Курчатов задумчиво сказал:

— А в результате цепи ошибок и перепроверок достигнут огромный успех — получена искусственная радиоактивность. В нашем Радиевом институте давно поставили задачу создать искусственную радиоактивность, но реально ничего не сделали. А парижане сделали! Помните, мы все говорили недавно, что Жолио стоит на пороге великих открытий. У меня предчувствие, что скоро придет новое сообщение из Парижа, которое еще раз радикально изменит всю ситуацию в ядерной физике.

Новое сообщение пришло не из Парижа, а из Рима. И оно радикально изменило всю ситуацию в ядерной физике.

Молодой итальянский теоретик Энрико Ферми, очень выдвинувшийся в последнее время, неожиданно переквалифицировался в экспериментатора. Лавры супругов Жолио-Кюри смутили его душу. Он поставил опыты, аналогичные парижским, только в качестве разрушительных снарядов применил не альфа-частицы, а нейтроны — и получил результаты еще поразительнее.

В короткой — на полторы странички — заметке Ферми писал, что сумел превратить фтор в азот, а алюминии в натрий.
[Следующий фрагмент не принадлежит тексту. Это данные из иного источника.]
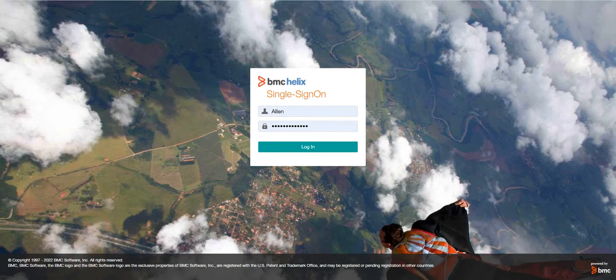Hello guys, welcome to my channel LearnTik. This is Sandeep Kohl, hope you guys are doing good. So today I will walk you through one of the applications from ITSM Suite called Incident Management.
Новосозданные элементы — радиоактивны, и радиоактивность их не позитронная, открытая супругами Жолио-Кюри, а такая же, как у естественных радиоактивных элементов, — альфа-частицы и электроны. Заметка была написана нарочито сдержанно. Но она извещала о новой революции в исследовании ядра. Курчатов понял это сразу.

Неожиданность открытия была не в том, что получены новые радиоактивные элементы. Ферми получил их новым методом, он бомбардировал ядра нейтронами из химических смесей. Теоретик дерзнул экспериментировать, как экспериментаторы не захотели! И доказал, что смелость города берет! Как они все были трусливы! Заранее отказаться от метода, таившего в себе такие возможности!

Курчатов, взволнованный, побежал с журналом к Алиханову и Арцимовичу. Такие статьи нельзя читать ради одного научного любопытства. Статья звучала как призыв к ответному действию. На нее нужно откликнуться собственными открытиями! Надо, надо им поставить такие же опыты! «Давай, давай!» — с воодушевлением сказал Алиханов, сам он слишком углубился в свою тематику, чтобы подхватывать чужие начинания. Арцимович начал с насмешки над пирожником, который взялся тачать сапоги, но, прочитав заметку, признал, что опыты в Риме добротные и результаты солидные. Иоффе сразу дал согласие на опыты «по Ферми», но усомнился, удастся ли изготовить источник нейтронов. Это Курчатов брал на себя. В Радиевом институте у Мысовского хранится в сейфе около грамма радия, а радий выделяет радон, а радон в смеси с бериллием и составляет ту чудо-пушку, которую применял Ферми. Взять за бока Льва — то есть попросить у Льва Владимировича радон — такова нехитрая задача.

И Курчатов поехал к радиохимикам.

Радиевый институт, четырехэтажное строгое здание, до революции жилой — преподавательский — корпус Александровского лицея, разместился на углу самой шумной магистрали Петроградской стороны, проспекта Красных Зорь, и тихой улочки Рентгена. В институте и работали и жили — на первом этаже занимал две комнаты Мысовский с женой, на третьем этаже недавно еще квартировал Гамов со своей Ро, были и другие жильцы. В прежних профессорских квартирах теперь были мастерские, лаборатории и кабинеты, но сердцем института являлось не это четырехэтажное здание, а примыкавшее к нему двухэтажное, небольшое, «старая химичка» — здесь получали из присылаемых с завода концентратов радий, хранили и развешивали его для больниц и исследовательских учреждений, здесь совершались основные химические работы, здесь же Мысовский смонтировал «эманационную машину» — установку, отсасывающую из сейфа, где хранился радий, постепенно накопляющийся там газообразный радон, радиоактивный элемент, излучающий альфа-частицы.